Siri Anna, Khabbache Hicham, Al-Jafar Ali, Martini Mariano, Brigo Francesco, Bragazzi Nicola Luigi
Department of Mathematics (DIMA), University of Genoa, Genoa, Italy; UNESCO CHAIR "Anthropology of Health - Biosphere and Healing System", University of Genoa, Genoa, Italy.
Laboratoire Etudes théologiques, Sciences Cognitives et Sociales, Faculty of Literature and Humanistic Studies, Sais, Sidi Mohamed Ben Abdellah University, Fez, Morocco.
Data Brief. 2016 Oct 13;9:679-684. doi: 10.1016/j.dib.2016.09.032. eCollection 2016 Dec.

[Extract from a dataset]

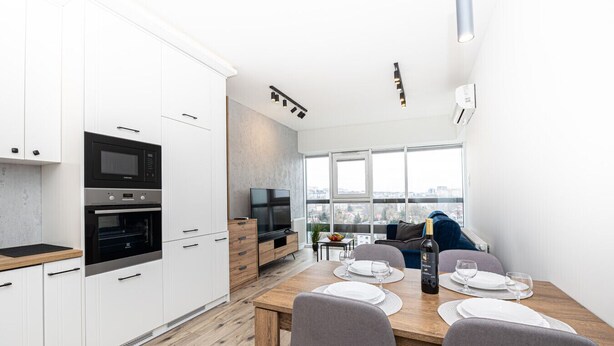 Une cuisine moderne dotée d’appareils électroménagers intégrés, un coin repas avec une table et des chaises en bois, et une grande fenêtre offrant une vue sur la ville.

The present data article describes high-school drop-out related web activities in Canada, from 2004 to 2012, obtained mining Google Trends (GT), using high-school drop-out as key-word. The searches volumes were processed, correlated and cross-correlated with statistical data obtained at national and province level and broken down for gender. Further, an autoregressive moving-average (ARMA) model was used to model the GT-generated data. From a qualitative point of view, GT-generated relative search volumes (RSVs) reflect the decrease in drop-out rate. The peak in the Internet-related activities occurs in 2004 (56.35%, normalized value), and gradually declines to 40.59% (normalized value) in 2007. After, it remains substantially stable until 2012 (40.32%, normalized value). From a quantitative standpoint, the correlations between Canadian high-school drop-out rate and GT-generated RSVs in the study period (2004-2012) were statistically significant both using the drop-out rate for academic year and the 3-years moving average. Examining the data broken down by gender, the correlations were higher and statistically significant in males than in females. GT-based data for drop-out resulted best modeled by an ARMA(1,0) model. Considering the cross correlation of Canadian regions, all of them resulted statistically significant at lag 0, apart from for New Brunswick, Newfoundland and Labrador and the Prince Edward island. A number or cross-correlations resulted statistically significant also at lag -1 (namely, Alberta, Manitoba, New Brunswick and Saskatchewan).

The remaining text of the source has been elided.